Starring Lucille Ball as North and Henry Fonda as Beardsley, the film was not received well by critics. But the public loved it, and it grossed over $25 million in box office receipts (over $180 million in modern dollars).
Two years after he pitched the networks, Schwartz’s idea seemed long dead. The movie—with a premise extremely close to the one he had developed—could have been the nail in its coffin. Instead, it resurrected the idea at ABC.
Later, Schwartz recalled the movie as “serendipity”: a chance to have another piece of intellectual property prove the success of his concept for him. “A big hit in another medium [gives] executives an ‘excuse for failure,’” he wrote in his 2010 book on the Brady Bunch.

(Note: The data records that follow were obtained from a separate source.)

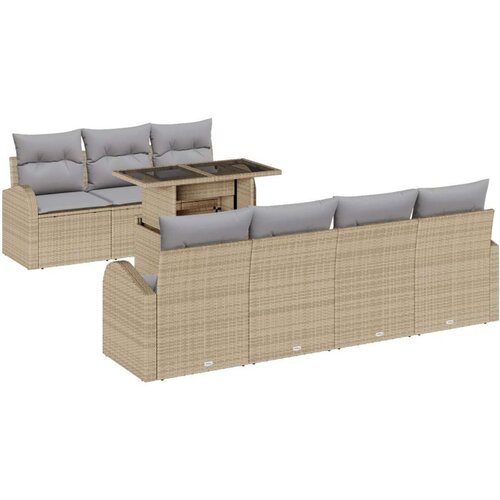  8-dijelni set za zahradu sofa s jastučićima Bež poli rattan 2-sjedalni set za zahradu sofa s odlaganjem i jastučićima Bež poli Cene
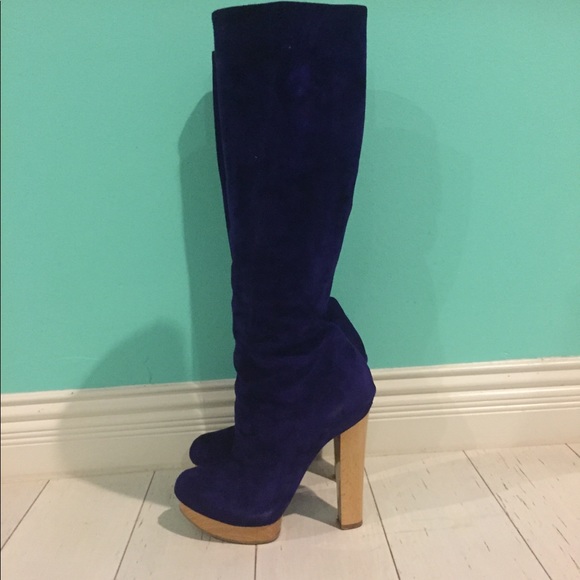 Massimo Dogana Purple Suede knee-High Boot - Picture 7 of 7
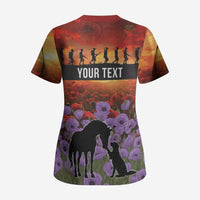 Personalised ANZAC Day Scrub Top Remembering the Animals of War LT19 - Polynesian Pride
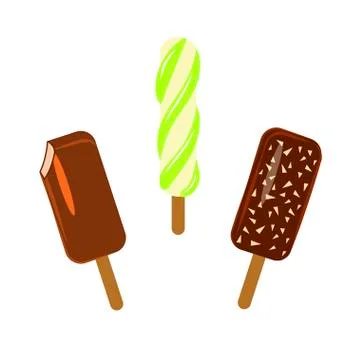Set of Popsicles Stock Illustration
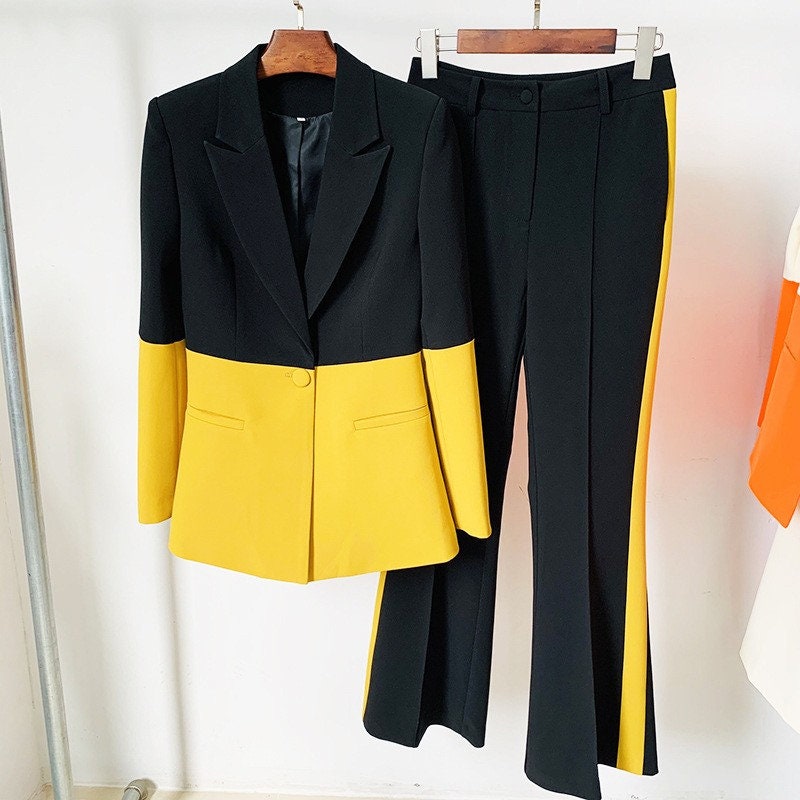 Multi Colored Women Pantsuit Colour-blocked Woman Formal Suit - Etsy Denmark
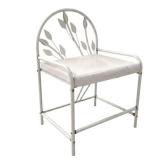 Vintage White Metal Vanity Bench with Leaf Motif Back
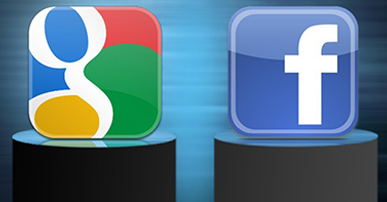 Imagem. Logo do Google e do Facebook inserido em um quadrado e em cima de um pedestal cada um. 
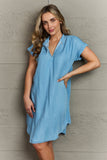 GeeGee Cozy Cuddles Full Size Denim Dress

Now that ABC/Paramount knew the public was interested in stories about big, blended families, Schwartz had an in. The network ordered 13 shows and was set for a 1969 premiere. The film had helped greenlight the TV show, but the similarities between both sparked potential legal trouble for Schwartz. Since it was based on a true story, Schwartz knew he could not allege that Yours Mine and Ours had copied his idea.
Instead, the film’s producer threatened Schwartz with a lawsuit after The Brady Bunch’s 1969 premiere. Schwartz fired back with a letter that pointed to the initial name of his pilot—Yours and Mine. “You called your movie Yours, Mine and Ours by adding a kid of their own,” Schwartz wrote. “Just be happy I didn’t sue you.”